Prunella Clough
b. 1919, London, England
d. 1999, London, England
Prunella Clough was an English painter primarily known for her later, abstract works. She was an only child, raised in the affluent London neighborhood of Knightsbridge. Although largely self-taught, Clough attended the Chelsea School of Art for two years (1938–1939) until the outbreak of World War II forced her to abandon her studies. During the war, she worked as a draftsman, graphic designer, and cartographer. After the war, Clough began depicting laborers and rough, urban environments. She drew truck drivers, the insides of factories, and the industrial peripheries of cities. Her early work was associated with English Neo-Romanticism. Gradually, she became less interested in figurative painting and more interested in depicting man-made structures that bordered on the abstract, focusing on delineating details such as electrical wiring, machines, and metal fences. Consequently, although her paintings became increasingly abstract, they always retained their source in ordinary life. Although usually laconic and self-effacing, she once said of her paintings that through them, she was "saying a small thing edgily."

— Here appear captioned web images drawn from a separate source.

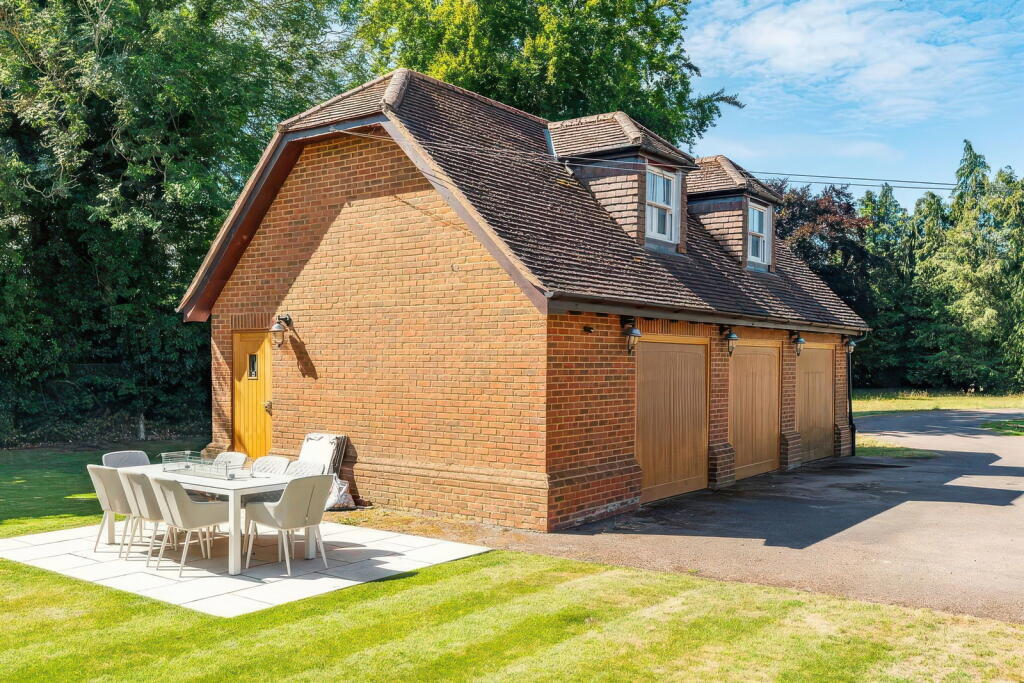 Additional image 43 of Pottersheath Road, Welwyn, AL6 9SY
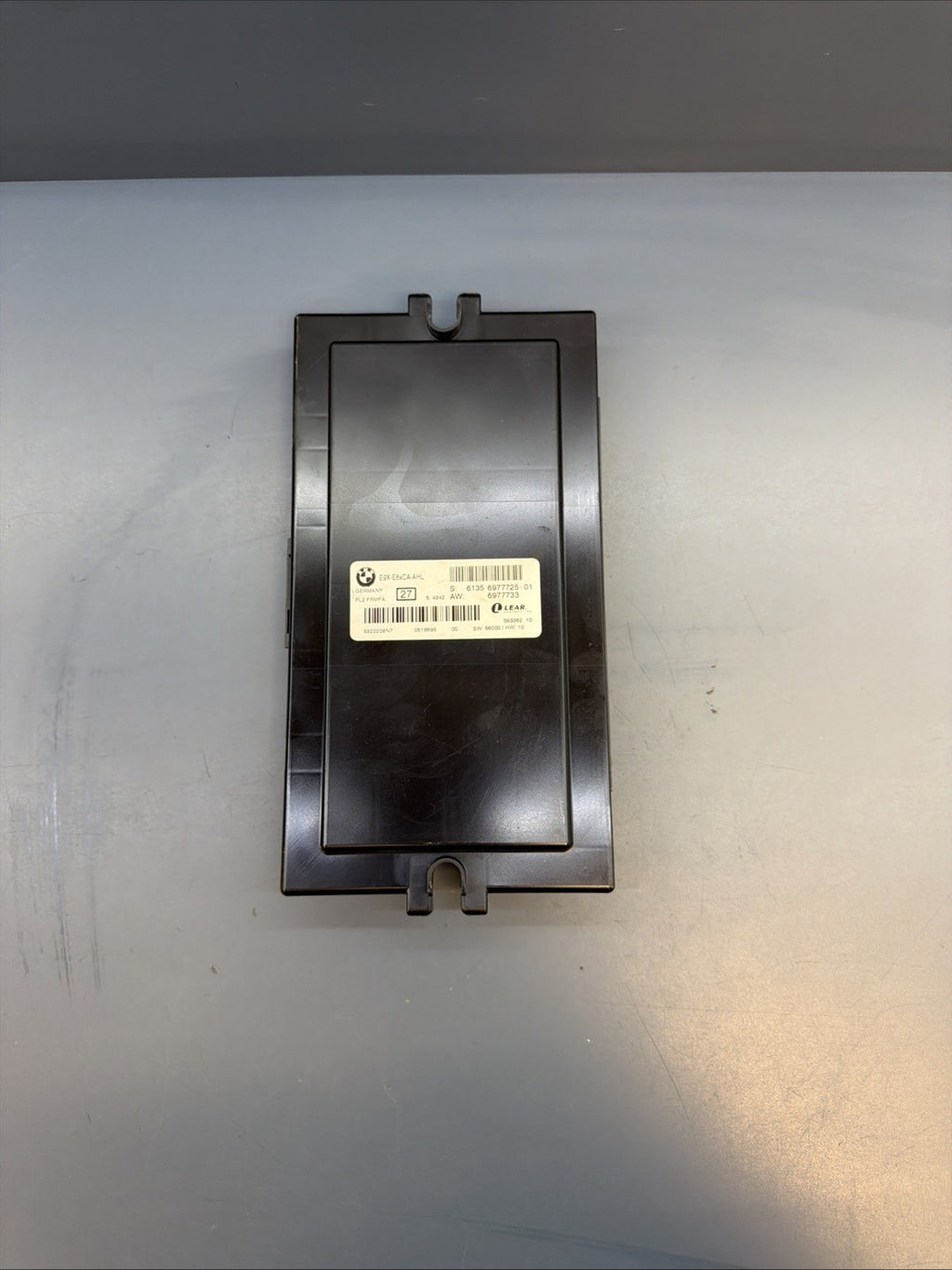 06-08 BMW E90 325i 328i 330i ADAPTIVE HEADLIGHT CONTROL MODULE OEM 6977725
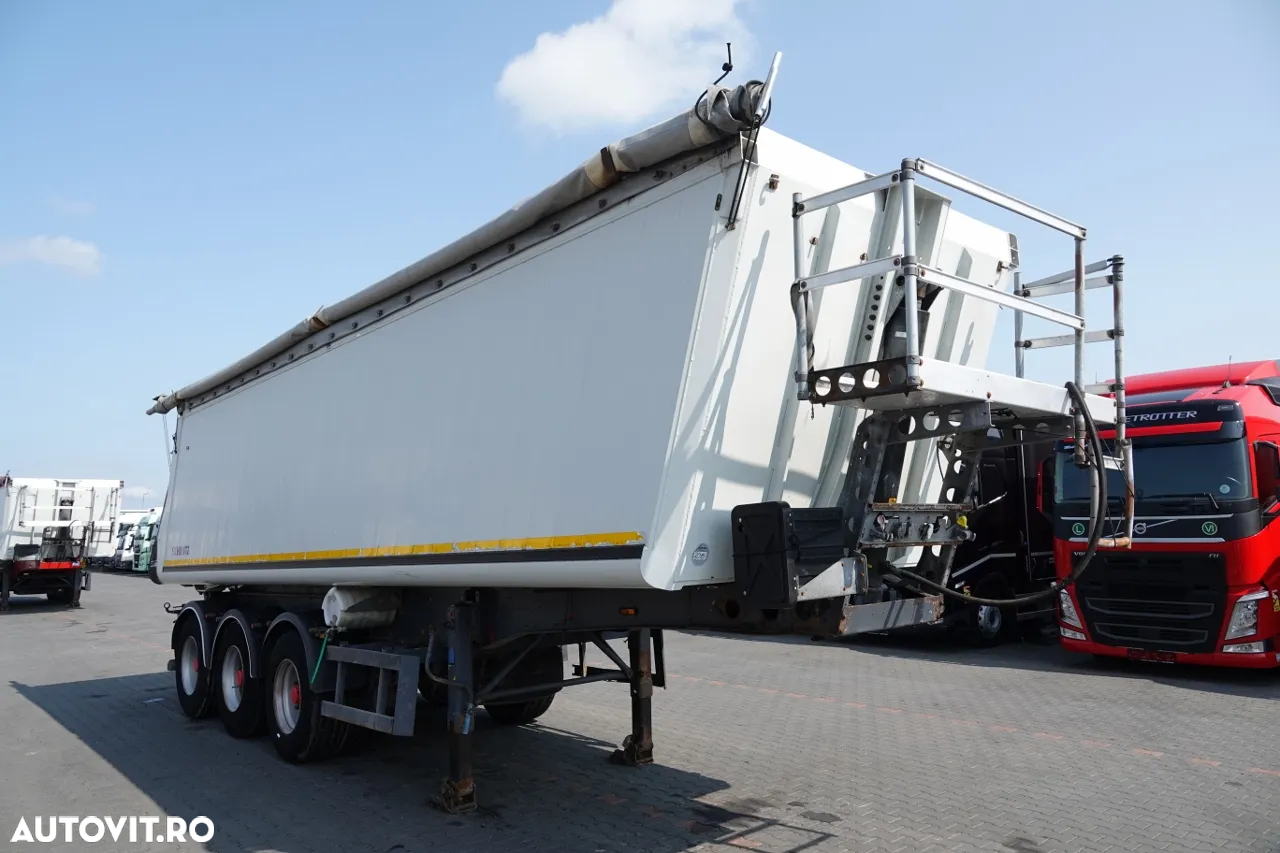 Schmitz Cargobull 40 M3 BASCULATOR / CAMION ALUMINIU / AXIE LIFTATOR / SAF / - 2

Clough received her first retrospective at the Whitechapel Gallery in London in 1960, and was later given a solo exhibition, funded by the British Arts Council, at the Serpentine Gallery in 1976. In 1999, in what would be her final year of life, she was awarded the Jerwood Prize for Painting for her lifetime body of work. Ever humble, and cognizant that she was terminally ill, she promptly gave away the entire £30,000 prize. Most recently, in 2007, the Tate Gallery, London, honored Clough with a major exhibition.